Rambling Boy- anon (US west) 1916 John Lomax

Rambling Boy- anon (US west) 1916 John Lomax

[No informant named, date or exact location. From: Cowboy Songs and Other Frontier Ballads, John Lomax, 3nd edition, 1916 p. 397-398. This was added in the new edition (changed edition in 1916) and subsequent editions after 1916- the first edition was printed in 1910 and reprinted in 1915. Lomax didn't list informants and there is no information about this cowboy song.

This is a version "Cruel Father" broadside (my B version) which has the 'rambling boy' opening. After the cruel father discovers his daughter is in love with the "wild and roving lad" the father presses him to sea, where the lad is killed by a cannonball. His ghost haunts the father that night and later his daughter hangs herself leaving a note that blames her father.

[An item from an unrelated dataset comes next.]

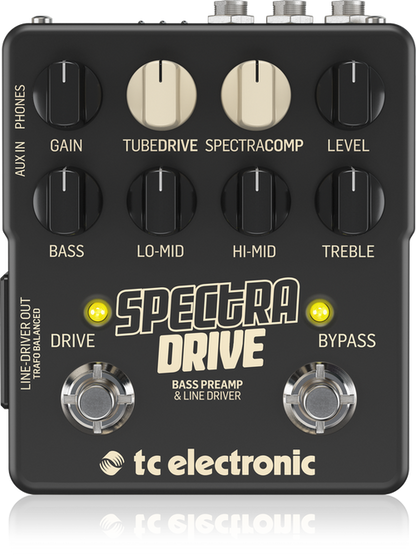 TC Electronic SpectraDrive Bass Preamp Drive Pedal Built-In TubeDrive SpectraComp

It ends with the "Died for Love" stanza.

The second stanza "Oh Willie" is taken from Nelly's Constancy" a broadside of 1686 which has several stanzas similar to those found in "Butcher Boy" and other Died For Love songs.

R. Matteson 2017]


RAMBLING BOY

I am a wild and roving lad,
A wild and rambling lad I'll be;
For I do love a little girl
And she does love me.

"O Willie, O Willie, I love you so,
I love you more than I do know;
And if my tongue could tell you so
I'd give the world to let you know."

When Julia's old father came this to know,—
That Julia and Willie were loving so,—
He ripped and swore among them all,
And swore he'd use a cannon ball.

She wrote Willie a letter with her right hand
And sent it to him in the western land.
"Oh, read these lines, sweet William dear.
For this is the last of me you will hear."

He read those lines while he wept and cried,
"Ten thousand times I wish I had died"
He read those lines while he wept and said,
"Ten thousand times I wish I were dead."

When her old father came home that night
He called for Julia, his heart's delight,
He ran up stairs and her door he broke
And found her hanging by her own bed rope.

And with his knife he cut her down,
And in her bosom this note he found
Saying, " Dig my grave both deep and wide
And bury sweet Willie by my side."

They dug her grave both deep and wide
And buried sweet Willie by her side;
And on her grave set a turtle dove
To show the world they died for love.